*** Supplied information Section Begins ***

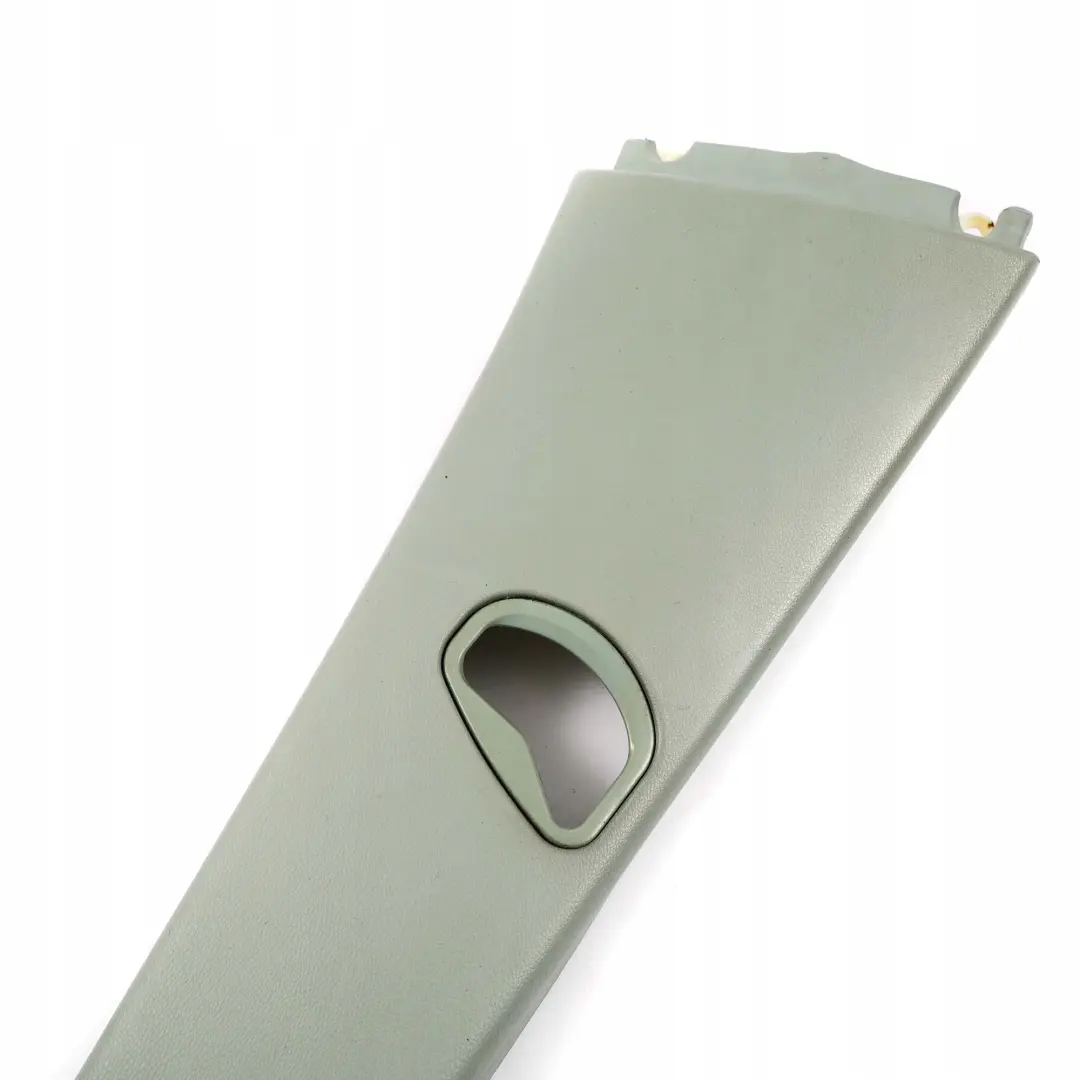 Carenatura Montante Centro Superiore Destro Steingr?n per BMW E65 E66 con numero di parte 7026850 BMW E65 E66 Carenatura Montante Centro Superiore Destro Steingr?n - SKU 7026850 - Numero di parte 7026850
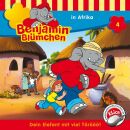 Benjamin Blümchen - Folge 004:In Afrika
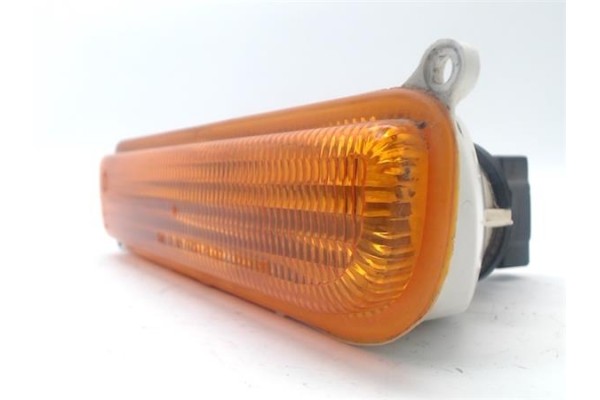Recambio de intermitente delantero izquierdo para jeep cherokee (xj) 2.5 td referencia OEM IAM 55055143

*** Supplied information Section Ends ***

### What is being asked
Copy the data precisely. Skip every picture.

### Solution to the exercise
 Carenatura Montante Centro Superiore Destro Steingr?n per BMW E65 E66 con numero di parte 7026850 BMW E65 E66 Carenatura Montante Centro Superiore Destro Steingr?n - SKU 7026850 - Numero di parte 7026850
 Benjamin Blümchen - Folge 004:In Afrika
Recambio de intermitente delantero izquierdo para jeep cherokee (xj) 2.5 td referencia OEM IAM 55055143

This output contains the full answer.